### [ACTION ITEM]
Print exactly the line that contains "AUDI A4 image 6", then every following line through the end of the material; include nothing else and no pictures.

BEGIN

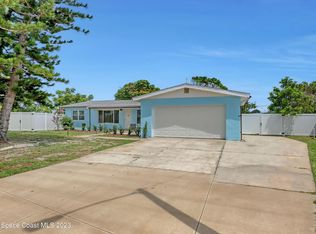 100 Bomarc Ln, Satellite Beach, FL 32937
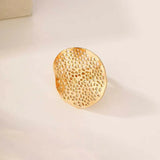 Bague vintage en or avec motif ajouré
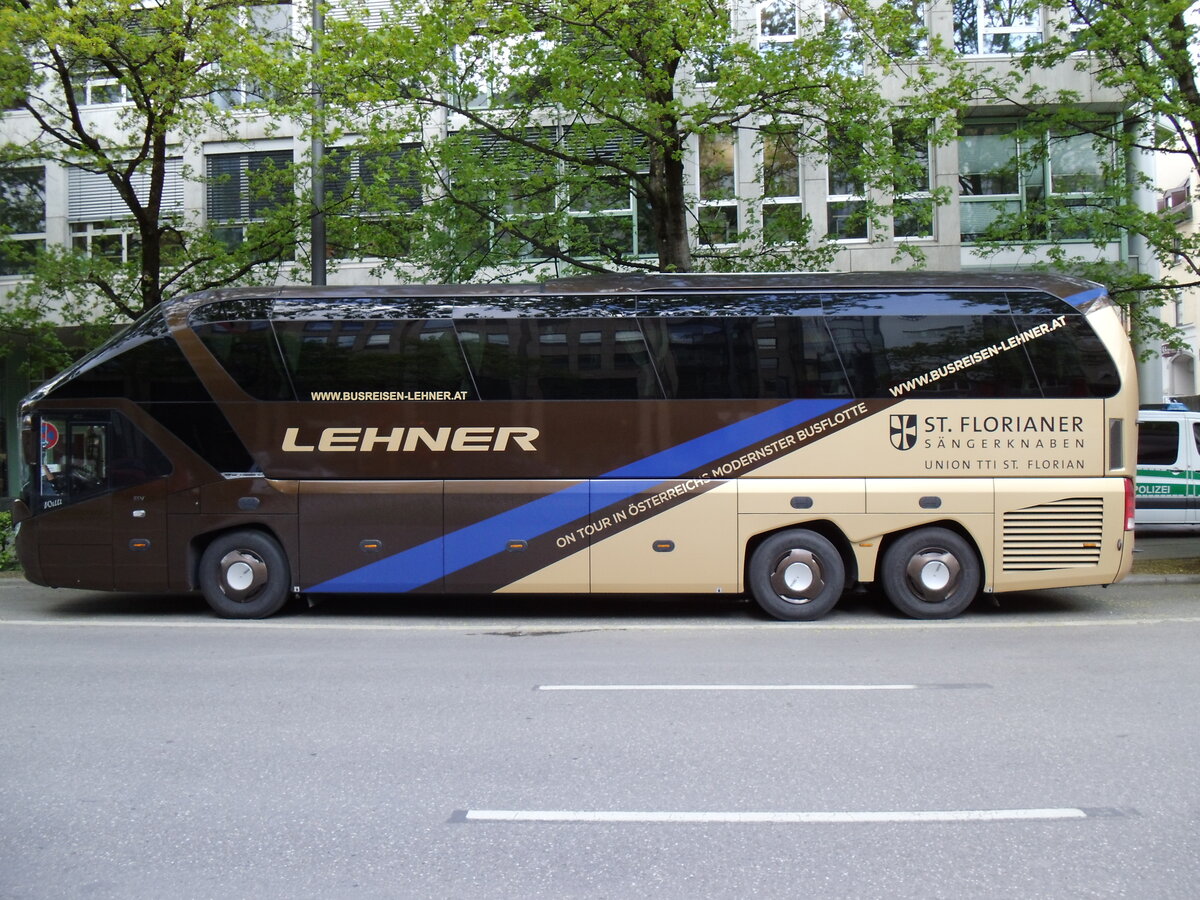 Aus Oesterreich: Lehner, Niederwaldkirchen - Neoplan Starliner am 9. April 2014 in M�nchen (Aufnahme: Martin Beyer)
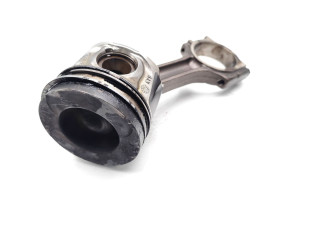 Píst M9R Nissan X-Trail T31 M9R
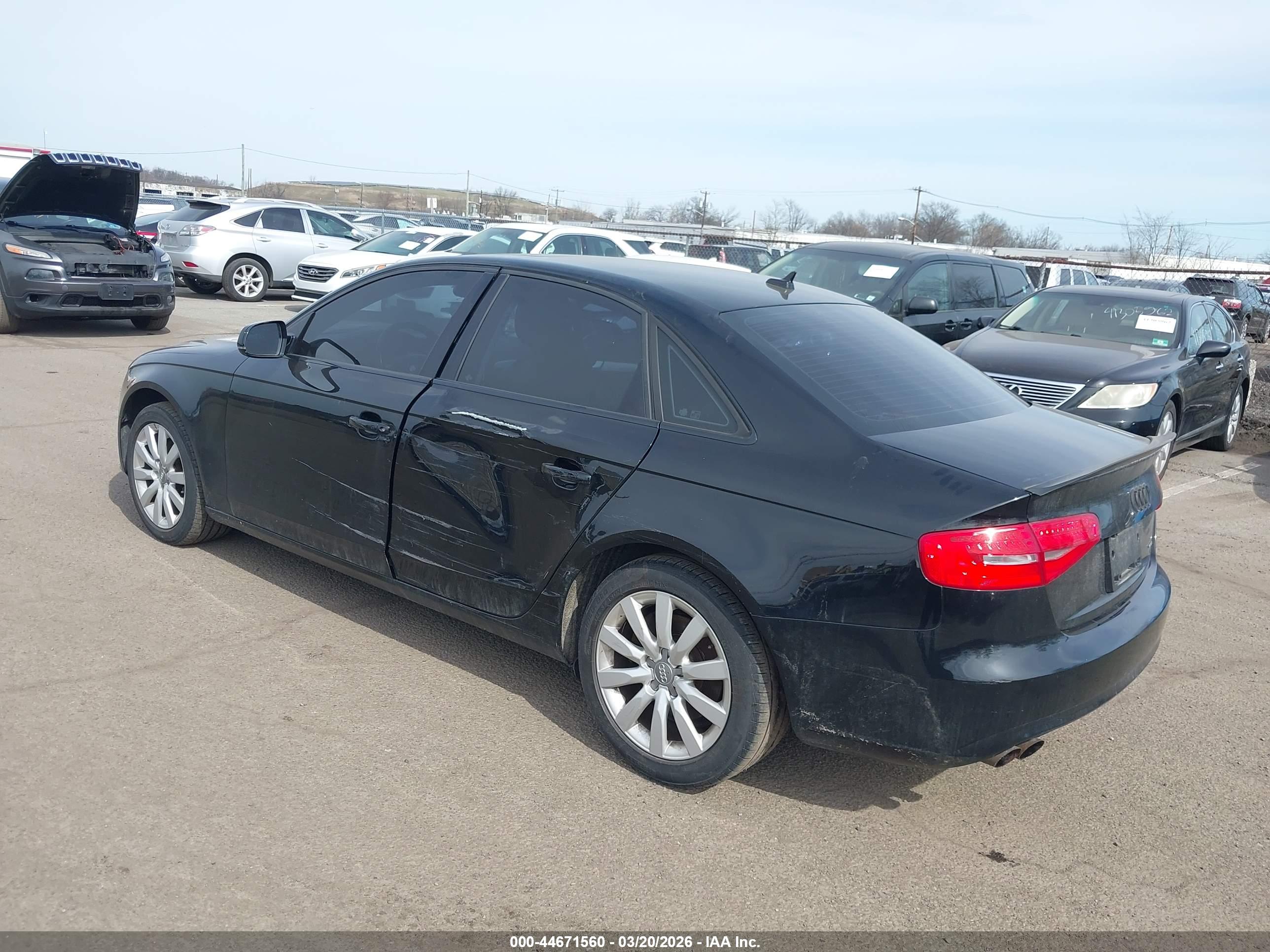 AUDI A4 image 6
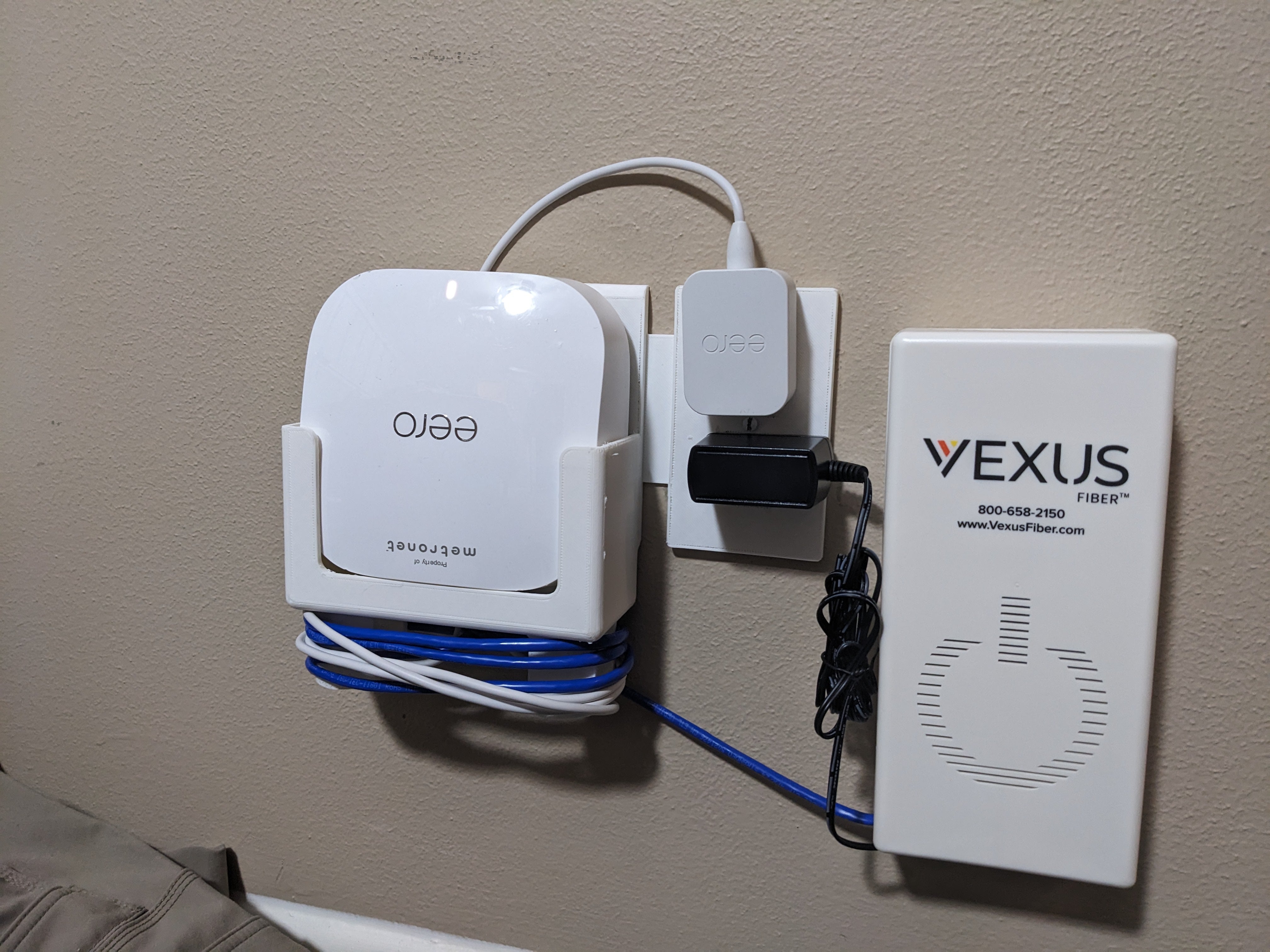 Eero Pro 6 wall mount with cable storage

END

### [SOLUTION FOR THIS TASK]
 AUDI A4 image 6
 Eero Pro 6 wall mount with cable storage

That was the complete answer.